Last summer, the Associated Press and New York Times each did stories on the detention facilities operated by the United States inside of Iraq. The conclusions of each investigation were roughly the same. At the time, they noted roughly 14,000 Iraqis were being held in a “legal vacuum.” The detention facilities were chaotic, a large portion of the persons held were taken in on sweeps through their neighborhoods and were suspected and charged with nothing. No trials occur, but the detainees languish often for many months – in some cases for more than a year. “They may not be enemies when they enter these prisons,” one Army officer told me, “but you can count on it that they are insurgent sympathizers by the time they leave.” He was alluding not just to the treatment standards, which he called “nothing I would be proud of as an American,” but the fact that the facilities are allowed to function as recruitment and training centers for the insurgents. Politically uninvolved Iraqis enter. But to find a way of surviving in the brutal gang reality of the prisons, they cast their lot with insurgent groups.
The United States government views this as a “security detention” system that has nothing to do with justice. They are literally right about that. The system has no legal basis. When challenged for authority, spokesmen for U.S. Forces in Iraq constantly cite Security Council Resolution 1546. However, this resolution does not authorize the detentions. To the contrary, it, and the letter from Secretary of State Colin Powell which accompanied it, make clear that detentions must be made in accordance with the Iraqi Constitution and laws. And Iraqi law requires any detention to be justified before a magistrate in a matter of only a few days. One of the most striking features of the U.S. detention regime in Iraq is, however, its complete contempt for the requirements of Iraqi law.
But beyond this, it’s a formula for how to lose a civil war.

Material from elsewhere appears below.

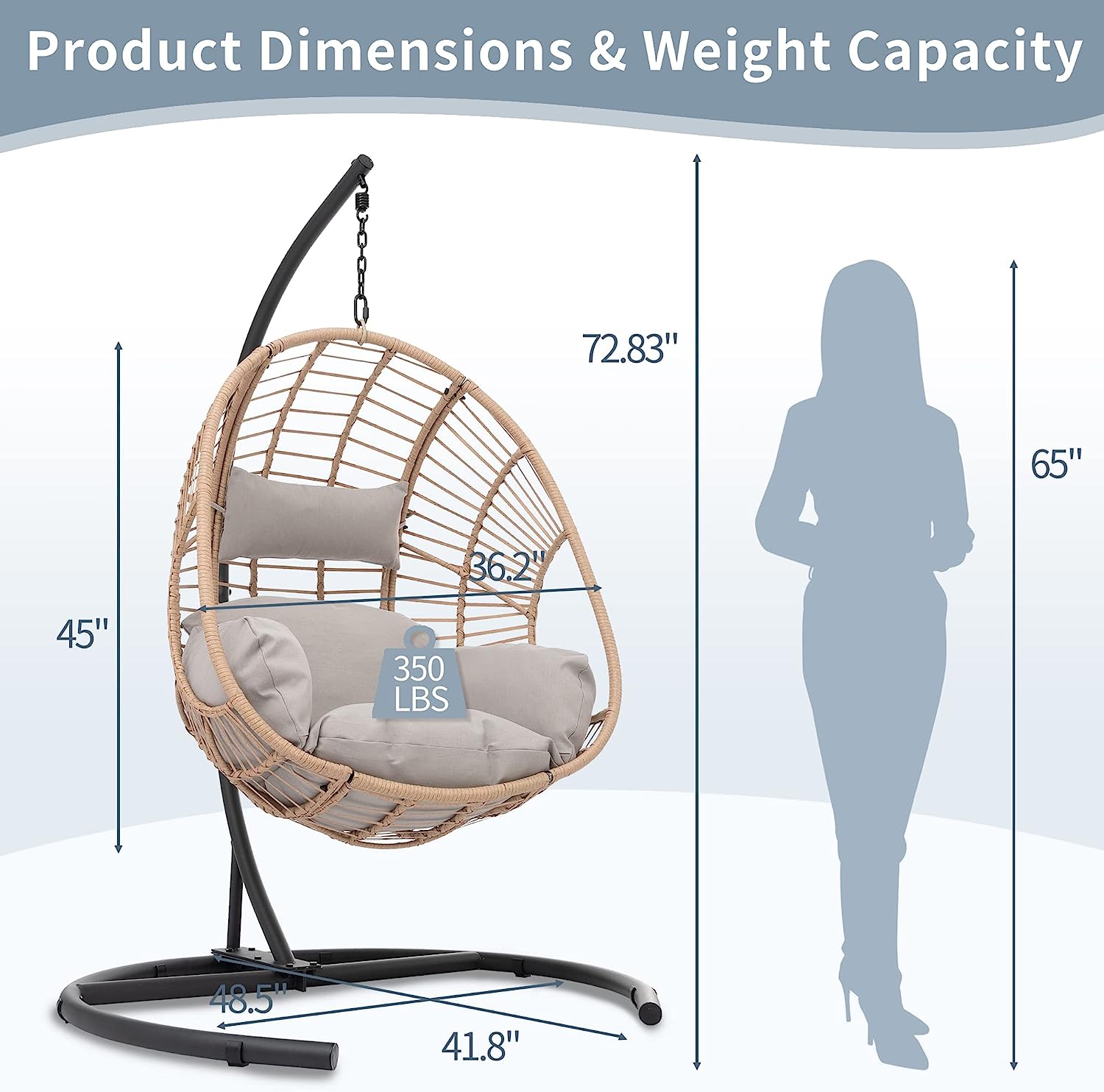 Olela Wicker Egg Swing Chair with Stand Indoor Outdoor,Hanging Egg Chair with Cushion and Pillow,Basket Chair for Bedroom,Living Room or Patio Garden (Natural-Round Base)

Today, McClatchy reports on the situation and finds the conditions are essentially the same as found by the AP and New York Times in the fall, except that the number of persons under detention has now spiraled to nineteen thousand. But the McClatchy piece puts its focus on ten thousand Iraqis who have simply gone missing – as family and friends are unable to establish any connection with persons in detention, even to establish whether they are simply still alive.
There’s no accurate count of the missing since the war began. Iraqi human rights groups put the figure at 15,000 or more, while government officials say 40 to 60 people disappeared each day throughout the country for much of last year, a rate equal to at least 14,600 in one year.
What happened to them is a frustrating mystery that compounds Iraq’s overwhelming sense of chaos and anarchy. Are they dead? Were they kidnapped or killed in some mass bombing? Is the Iraqi government or some militia group holding them? Were they taken prisoner by the United States, which is holding 19,000 Iraqis at its two main detention centers, at Camp Cropper and Camp Bucca?
You were wondering perhaps, how do you completely alienate and infuriate a population under military occupation? Well, this is how.